Hello Mat.As shown in the code, I need to do a number of matrix multiplications and add the results of these matrix multiplications as follows
#pragma acc parallel loop reduction(output[0:BF_num * NFFT])
for (i = 0; i < size; i++)
{
//Matrix generation
#pragma acc loop indenpendent present(Part_w,Input_w)
for (j = 0; j < Block_BF_Array; j++)
Part_w[i] = Input_w[i * Block_BF_Array + j];
//Matrix multiplication
#pragma acc host_data use_device(Part_w,Input_data,tmp)
{
cublasZgemm(Handle_gem, CUBLAS_OP_N, CUBLAS_OP_N, NFFT, BF_num, M_Array, &alpha, Input_data, NFFT, Part_w, M_Array, &beta, tmp, NFFT);//180*NFFT
}
//Sum and add
for (j = 0; j < BF_num * NFFT; j++)
{
output[j] = output[j] + pow(my_abs(tmp[i]), 2);
}
I only realized a general idea based on my own understanding, and I have some questions.

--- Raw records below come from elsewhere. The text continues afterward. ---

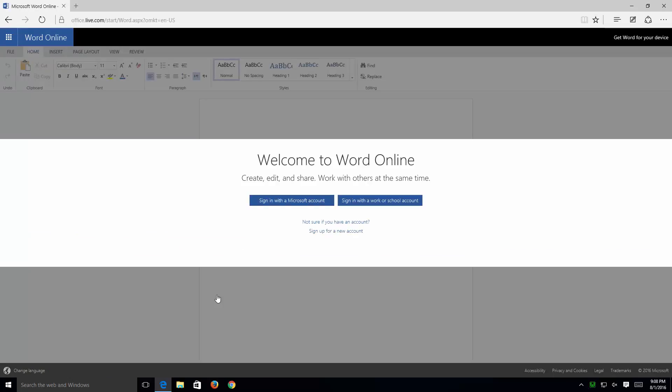Now, what they'll ask you to do is either sign in with an existing account if you already have an account with them, and if you don't, you simply sign in and create a new one. So, I'm going to be clicking on Sign Up For A New Account.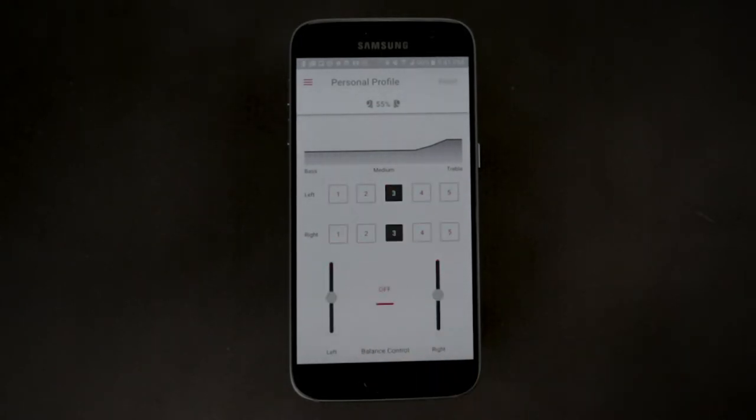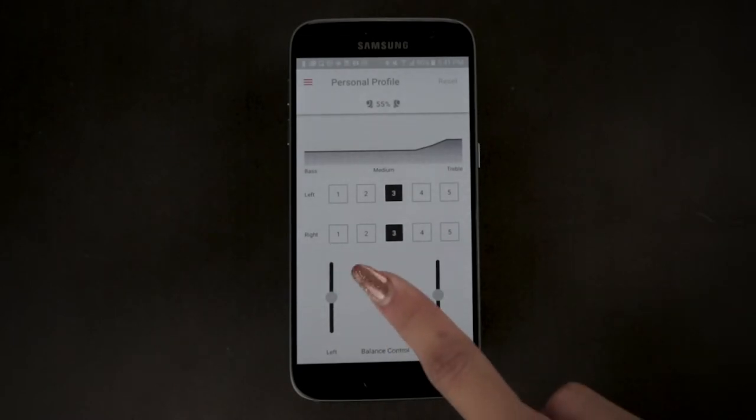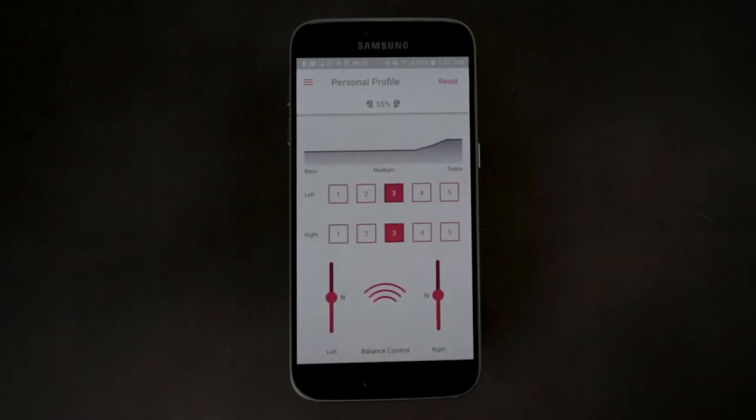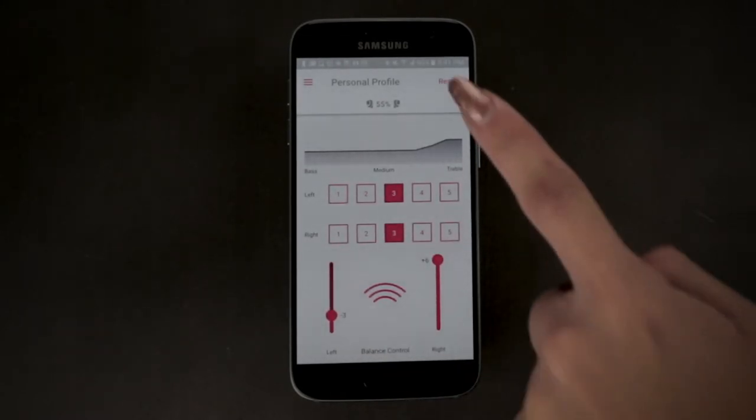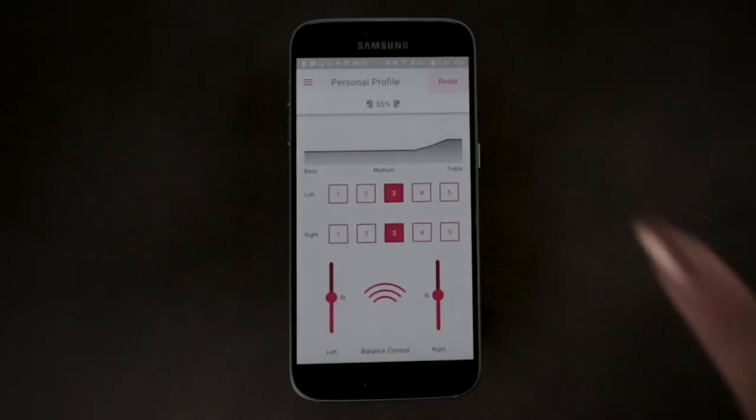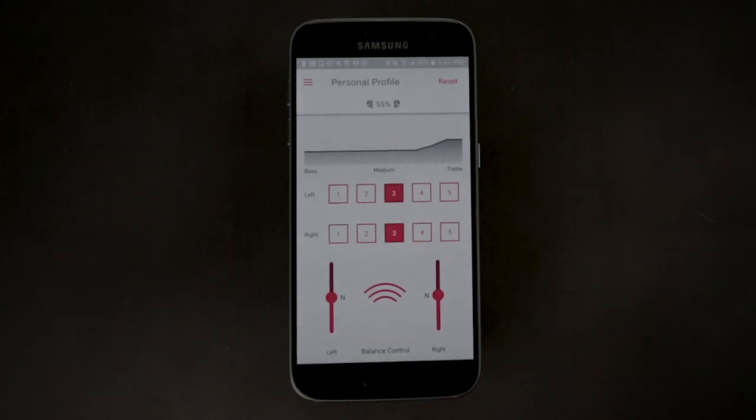You can tap here to turn the personal profile on or off. To reset back to the default, you can simply tap reset in the upper right corner.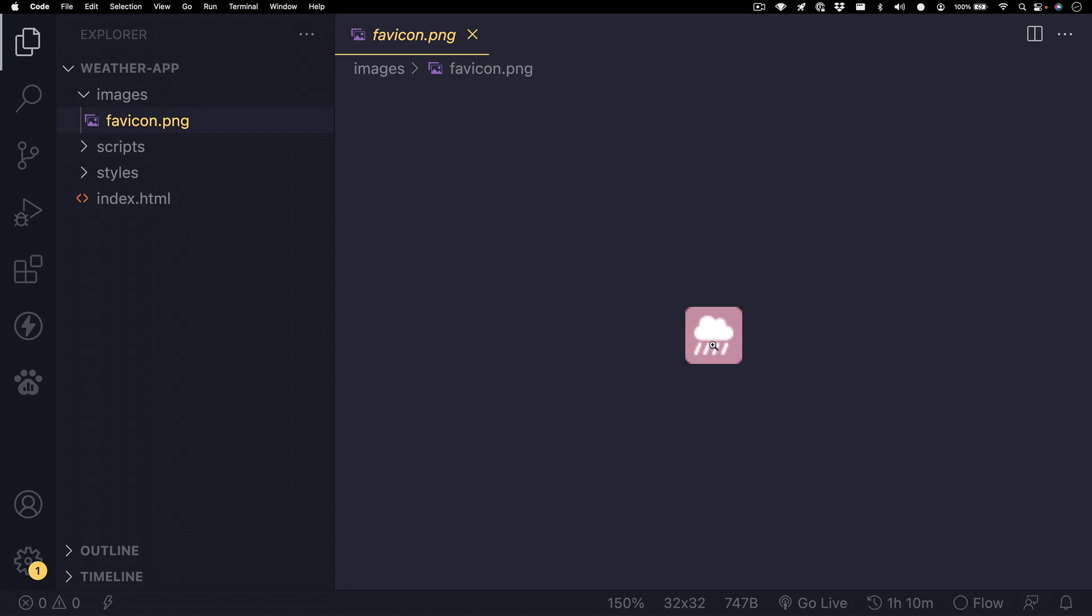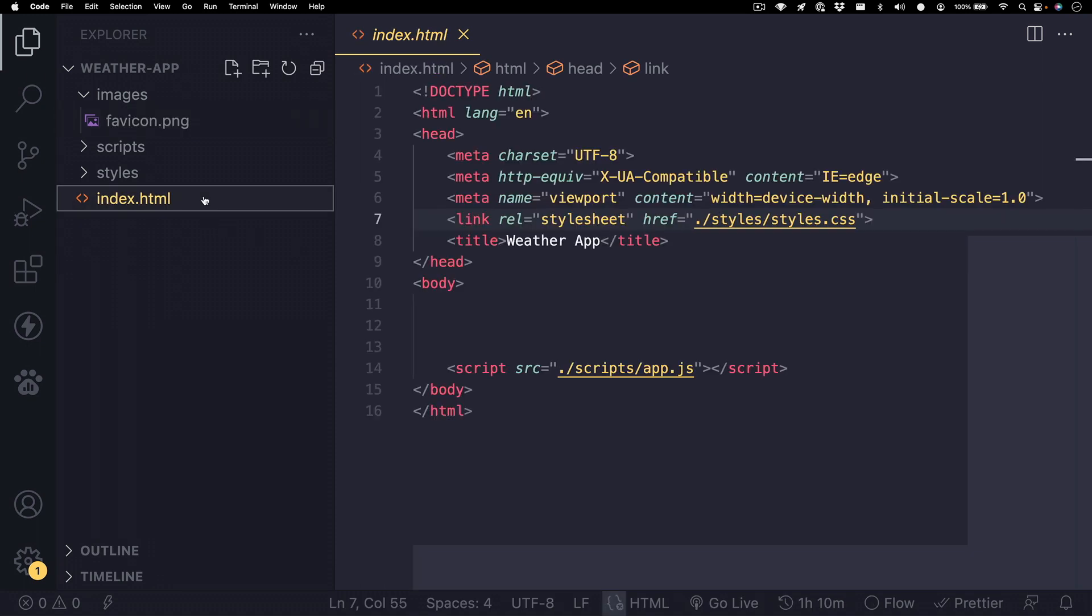And this image is a 32 by 32 image. And our index.html will need to link to it.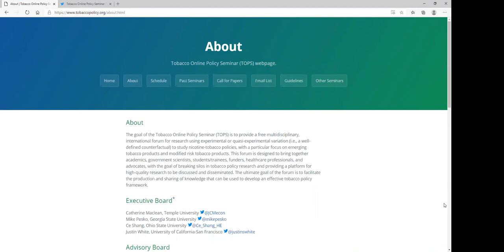This forum is designed to bring together key stakeholders with the goal of breaking silos in tobacco policy research and providing a platform for high-quality research to be discussed and disseminated. The ultimate goal of the forum is to facilitate the production and sharing of knowledge that can be used to develop an effective tobacco policy framework.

Can I directly extract some variables on the GPU, such as
1.Input_w is a big variable, after I copy it to GPU, every time I only want to use part of it for calculation, I can only think of reassigning to other variables through OpenACC, is there any better way?
- I repeatedly call the cublas function in the loop, but I always use a handle, is that OK?